• Dataset excerpts
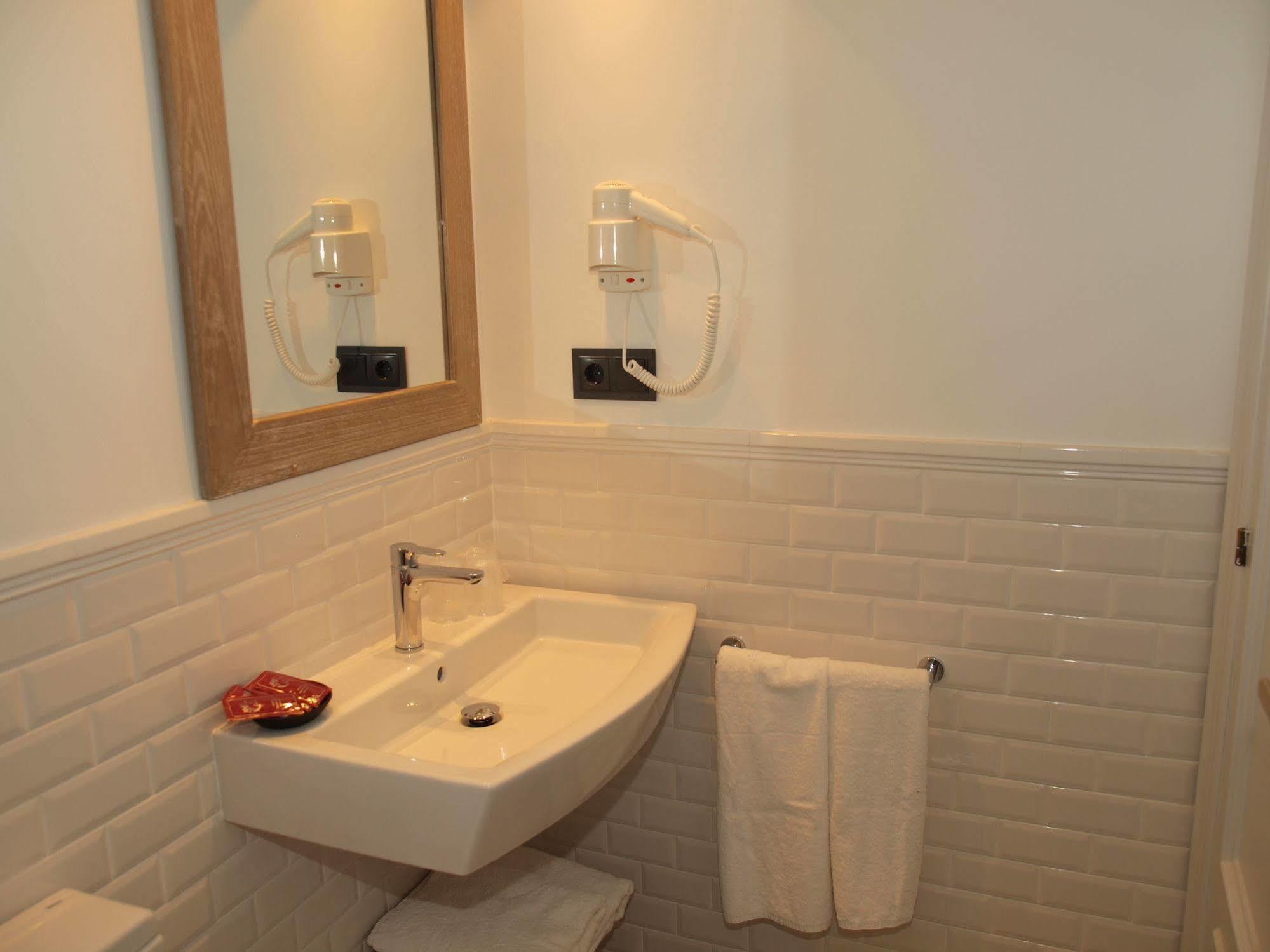 Hostal Portofino Arenys de Mar ภายนอก รูปภาพ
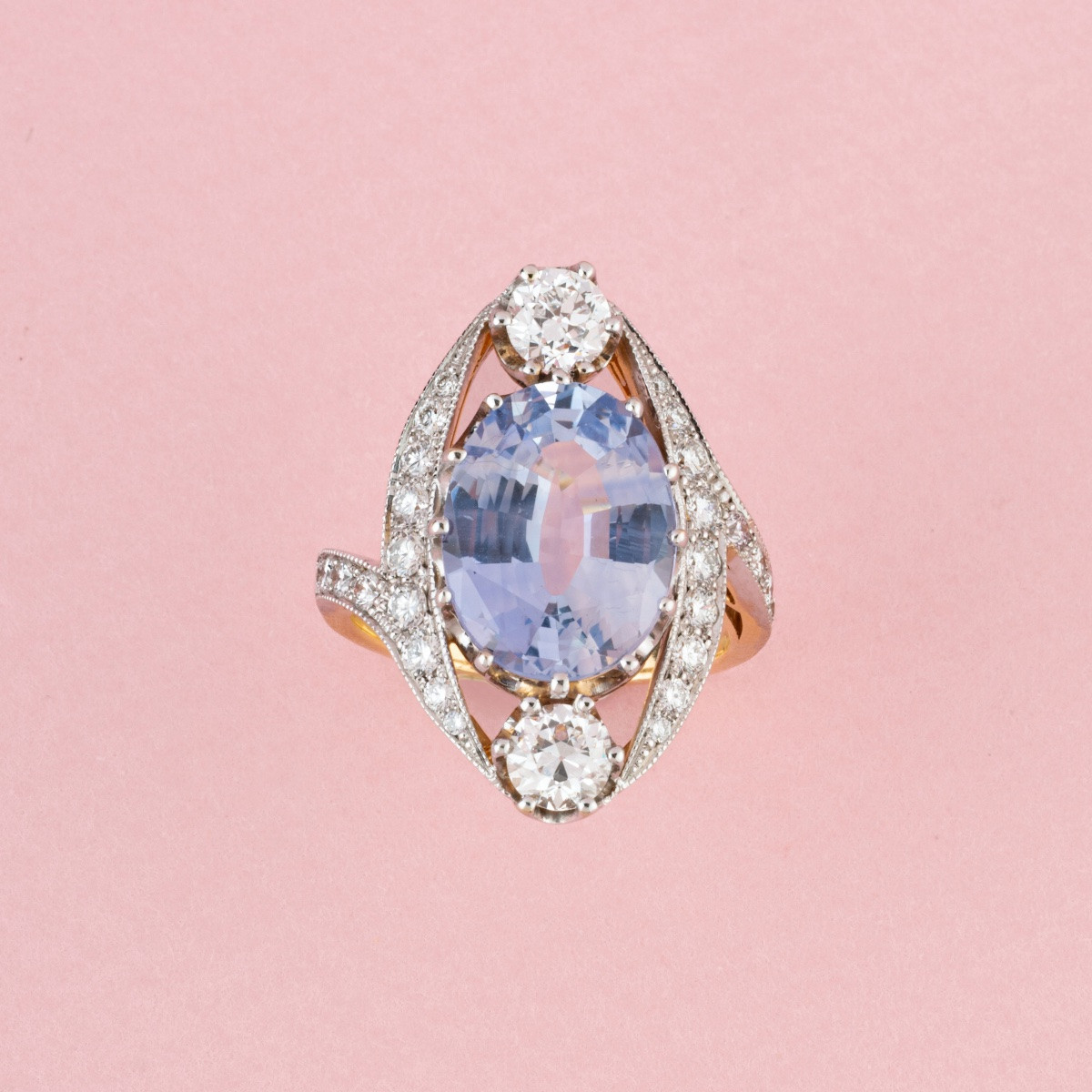 Important Belle époque Style Ring In 18k Gold With An Unheated Ceylon Sapphire -photo-2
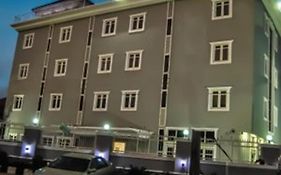 Royal Jatoz Hotel And Suites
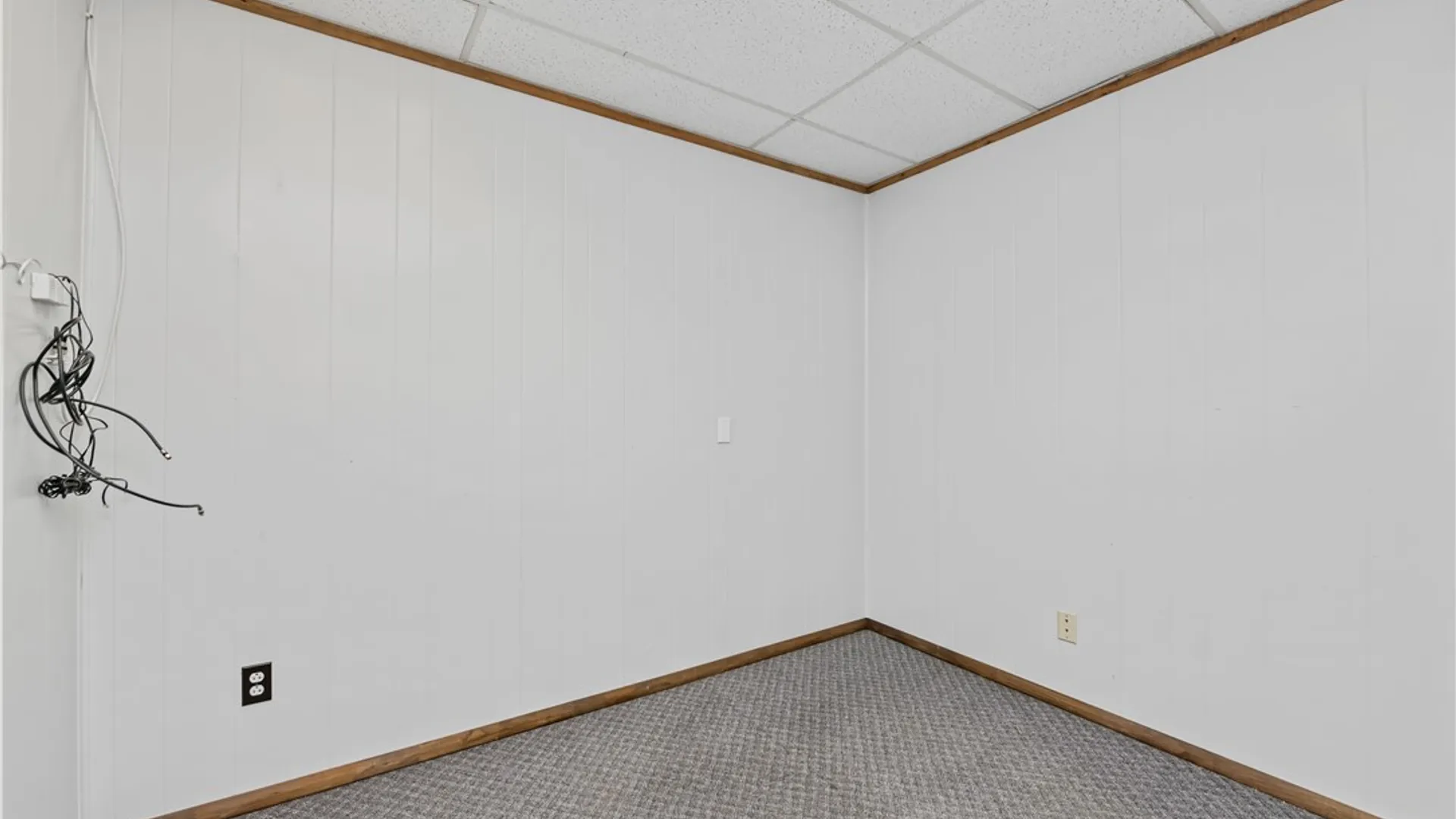 Property at 1600 Lyell Ave, Unit 2F, Rochester, NY 14606 7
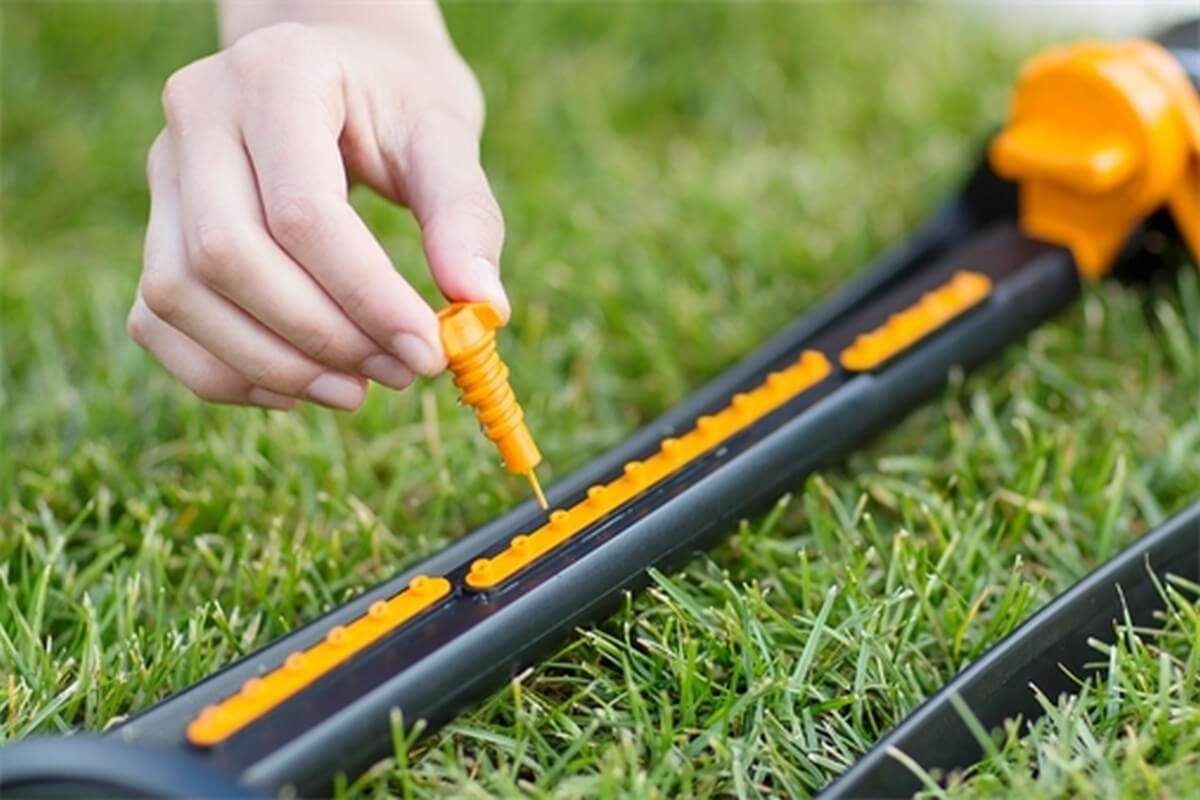 Fiskars Bewässerungssystem Viereck-Sprinkler M, wassersparender Sprinkler für mittelgrosse Gärten, Universalgröße, Viereck-Sprinkler, 16x17 m Reichweite, Schwarz/Orange
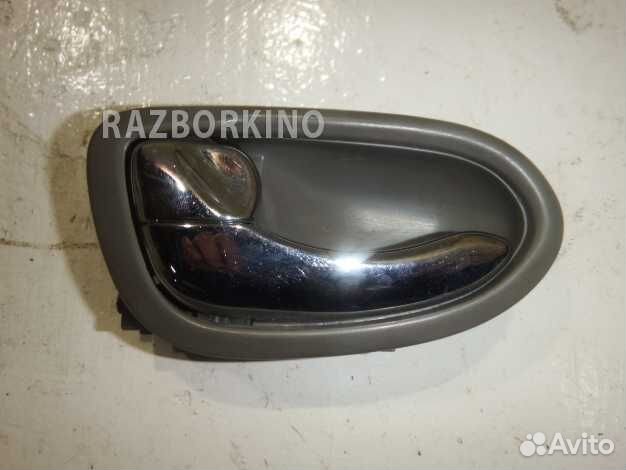 Ручка двери передней внутренняя левая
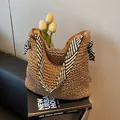 Grand sac fourre-tout en paille tissée avec poignées rayées noires et blanches chic - Kaki Bandoulière Noire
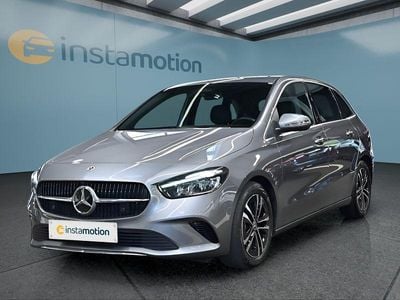 Grau Gebraucht 2023 Mercedes B180 Van / Kleinbus | 25.610 € (Guter Preis)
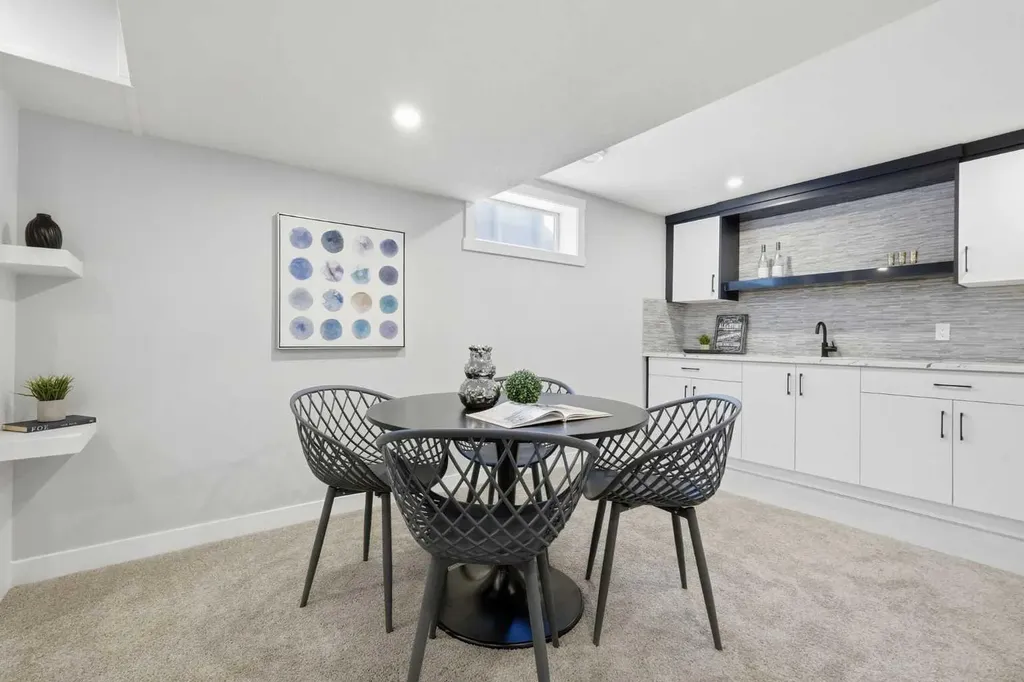 8616 7 Street SW Calgary AB T2V 1G9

• What you need to do
Reproduce verbatim every line starting at the line that holds "Royal Jatoz Hotel And Suites" and ending with the final line of the data; omit the pictures.

• Written answer
 Royal Jatoz Hotel And Suites
 Property at 1600 Lyell Ave, Unit 2F, Rochester, NY 14606 7
 Fiskars Bewässerungssystem Viereck-Sprinkler M, wassersparender Sprinkler für mittelgrosse Gärten, Universalgröße, Viereck-Sprinkler, 16x17 m Reichweite, Schwarz/Orange
 Ручка двери передней внутренняя левая
 Grand sac fourre-tout en paille tissée avec poignées rayées noires et blanches chic - Kaki Bandoulière Noire
 Grau Gebraucht 2023 Mercedes B180 Van / Kleinbus | 25.610 € (Guter Preis)
 8616 7 Street SW Calgary AB T2V 1G9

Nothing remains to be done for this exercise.